* _TASK TO CARRY OUT_: Leaving out all pictures, return exactly the lines from the one that contains "Sonne, Fussball und Swisscom TV" through the end of the data below.

* _SUPPLIED DATA_:
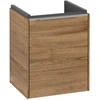 Image de V&B Subway 3.0 Meuble sous lavabo 35,1x42,9x30,9 cm, Sch R/Gr AL gl, Kan Oa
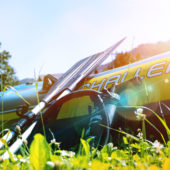 Sonne, Fussball und Swisscom TV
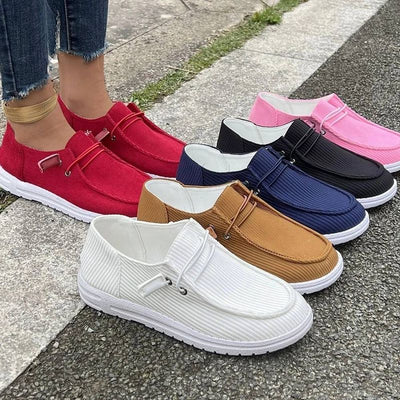 Stylish Breathable Women's Platform Sneakers - POWQUE URBAN STYLE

* _RESULT FOR THIS EXERCISE_:
 Sonne, Fussball und Swisscom TV
 Stylish Breathable Women's Platform Sneakers - POWQUE URBAN STYLE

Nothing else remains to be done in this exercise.